Diversity metrics evaluate the variety of items within a user's recommendations or across the recommendations for a set of users. These metrics are crucial for preventing "filter bubbles" and ensuring that users are exposed to a broad range of items, potentially increasing serendipity and user satisfaction.

API Reference

For class signatures and source code, see the Diversity Metrics API Reference.

Gini¶

Gini Index. Measures the inequality in the distribution of recommended items; lower values indicate more equitable item exposure.

\[ \text{Gini} = \frac{\sum_{j=1}^{|\mathcal{I}|} (2j - |\mathcal{I}| - 1) \cdot c_j}{(|\mathcal{I}| - 1) \cdot \sum_{j} c_j} \]

where \(c_j\) is the recommendation count for item \(j\) (sorted in ascending order).
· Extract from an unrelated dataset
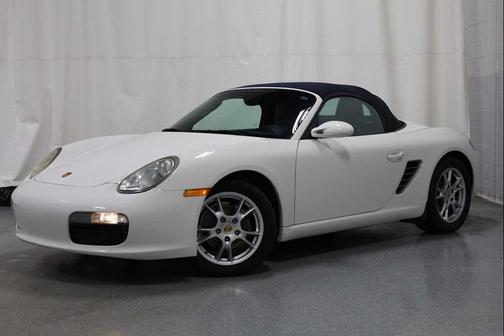 2006 Porsche Boxster 2dr Roadster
For further details, please refer to this book.

evaluation:
    top_k: [10, 20, 50]
    metrics: [Gini]

ShannonEntropy¶

Shannon Entropy. Quantifies the diversity of recommended items using information entropy; higher values reflect greater item variety.

\[ H = -\sum_{i \in \mathcal{I}} p_i \log p_i, \quad p_i = \frac{c_i}{\sum_{j} c_j} \]

For further details, please refer to this book.

evaluation:
    top_k: [10, 20, 50]
    metrics: [ShannonEntropy]

SRecall¶

Subtopic Recall (SRecall@K). Measures how many distinct subtopics or categories are covered in the recommendations compared to the relevant ones, which reflects diversity across semantic dimensions.

Note

This metric requires the user to provide side information (e.g., item categories).

For further details, please refer to this paper.

evaluation:
    top_k: [10, 20, 50]
    metrics: [SRecall]